At the age of 17, I was introduced to the concept of an emergency savings account by my grandmother, Nellie. It was summer and one of my weekly duties was to clean my grandmother’s house. While I cleaned, she baked fresh, farmhouse bread. After cleaning, we usually shared warm bread, clotted cream and tender conversation.
One day, my grandmother said, “Come with me, I want to show you something.” I sat on the bed in one of her spare bedrooms while she rummaged through a bureau drawer. She pulled out a tan support stocking, the kind held in place by a garter belt. One end was tied in a knot and the other end wrapped with a rubber band. Between the knot and rubber band was socked away the sum of $1000. My grandmother was 73 years of age at the time.
“You’re going off to college soon,” she said. “ I want you to know how important it is to have some money tucked away for yourself just in case you need it. There may come a time in life when you want to leave a marriage, you might have a sick child that you need to help, or you may need to buy something that is no one else’s business.”
Decades later, years after she had passed away, her voice and words came back to me many times over. “There may come a time….”
My grandmother’s idea of an emergency savings was both an escape plan as well as preparing for the unexpected. The emergency savings I’m talking about is a savings fund that will protect you against an interruption in your income. You would only use this money to cover ordinary living expenses if your regular flow of money was interrupted or significantly reduced.
So, let’s define some situations which may cause your income to be less than ordinary. One possibility is job loss. Financial professionals suggest saving between three months to one year of living expenses in case of job loss. The amount you need to save will depend on how fast you believe you will find another job. According to some experts, for every $10,000 you make in salary add one month to your job search. For example, if you make $80,000 a year it may take 8 months to find a new job. Are you prepared to live off your savings for 8 months? If you are thinking, “unemployment compensation will cover my expenses,” it will cover some but probably not all monthly expenses.
Maybe you are self-employed with a fluctuating income. You may have months where no money comes in and other months that are quite abundant. Such is the case of a realtor or a commission-based salesperson. Having a savings to rely on in “drought” months is Lady Clairol in a bottle.
Another situation that can create an interruption to your income is caring for an aging parent. You might need to take certain days off every month to transport your parent to and from doctor appointments. If your parent is in fragile health, more of your time may be required to plan care. Right now, can you afford to have one less day of pay a week if you need to take your mom or dad to physical therapy?
Caring for your own health problems may require time off work with resulting loss of income. No one ever wakes up in the morning thinking “today is the day I’m going to have my health crisis.” Being prepared for these unforeseen events can help you focus on the process of healing, rather than worrying about how you are going to make the mortgage payments.

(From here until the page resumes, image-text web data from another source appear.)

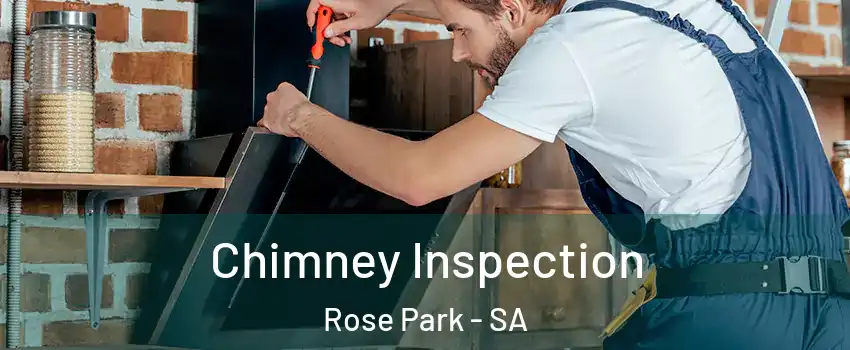  Chimney Inspection Rose Park - SA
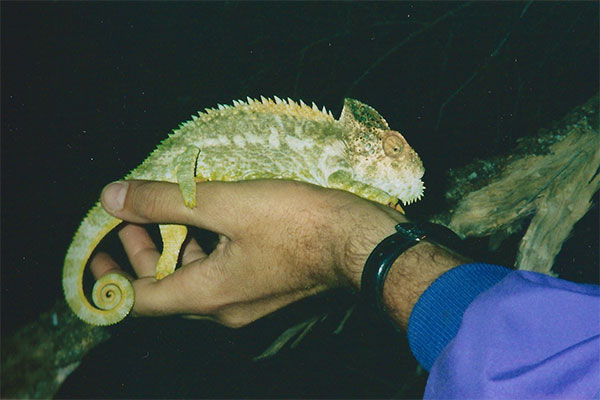 Warty Chameleon (Furcifer verrucosus)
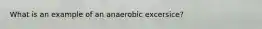 What is an example of an anaerobic excersice?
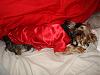 MeiLing in her red satin nightie from Go.Fetch-dsc06077-vi.jpg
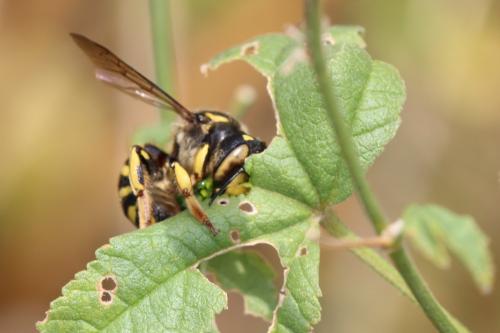 Anthidium florentinum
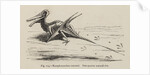 ‘Ramphorynchus restored’ by Unknown artist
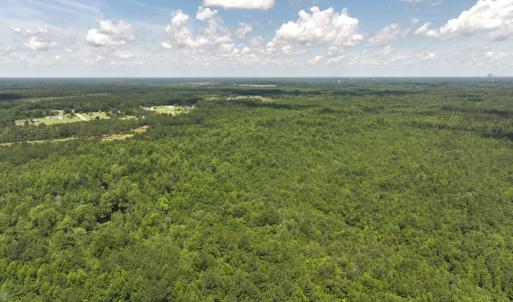 Photo #13 of 5799 Tolarsville Road , Saint Pauls , NC 439.0 acres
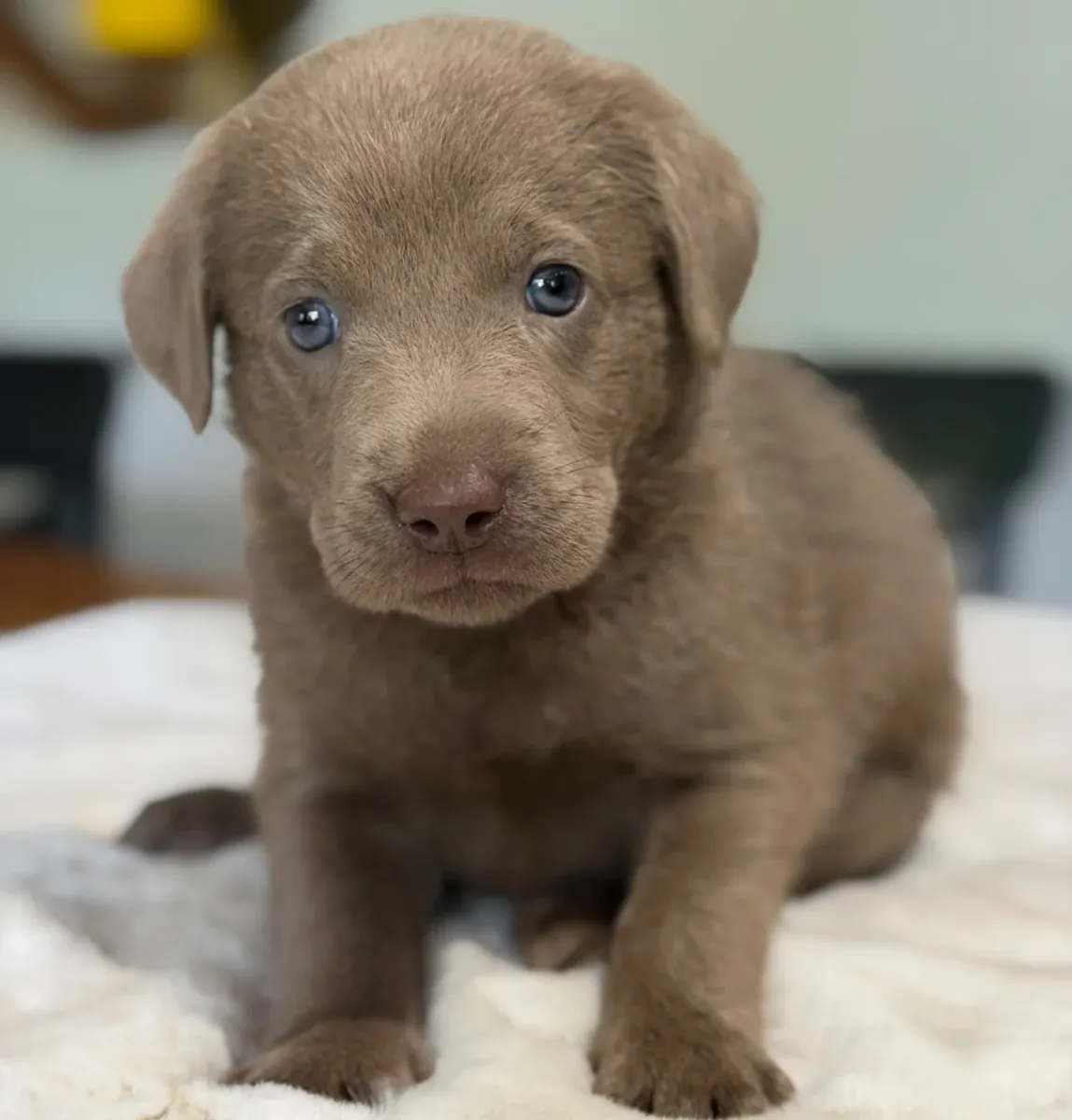 可爱的拉布拉多猎犬小狗准备好了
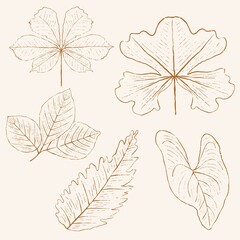 Fototapeta premium hand drawn leaf line art, hand drawn nature painting. Free hand sketch illustration.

Having money set aside in case of an emergency gives us peace of mind. It can reduce our worry in a time of stress, give us time to gather our resources to come up with a strategy and create breathing room.
Here are some ideas to help you get that emergency savings in place.
- If cash flow is limited, secure a zero percent credit card to use for your emergency. Define clear boundaries for this credit card’s use. This is a preferred strategy to placing expenses on your home equity line of credit or taking a loan from your 401K. Placing money on your home equity LOC places your home at risk if you aren’t able to make payments. If you take a loan from your 401K, you get to pay penalties and tax TWICE…once when you take out the loan and again when you take the money out for retirement.
- My preferred method of funding an emergency savings account is to save monthly for it, even if it takes more than a year to fund. Begin by deducting a certain amount out of your paycheck into a designated emergency savings and before you know it, you’ll have a healthy stash. If you are self-employed, pretend your emergency savings is a monthly bill and get in the habit of paying that bill first.
- Protect yourself with a disability policy, a standard benefit most employers offer. If you are self-employed purchase a policy on your own. Read and understand your short and long-term disability policy. Make sure the payout amount covers your monthly expenses. If there is a 90- day waiting period, make sure you have enough money put aside for those 90 days prior to coverage kicking in.
- Consider Long Term Care Insurance as part of your emergency savings plan. Women live longer than men in general. Annual LTC insurance premiums may be less expensive than the cost of one month in a skilled nursing facility.
- Your savings needs to be liquid and easily accessible to you. A bank savings or money market account serve this purpose, unless you’d rather be like my grandma, Nellie, and use a support stocking!
I leave you with my grandma’s parting words, “I want you to know how important it is to have some money tucked away for yourself just in case you need it.”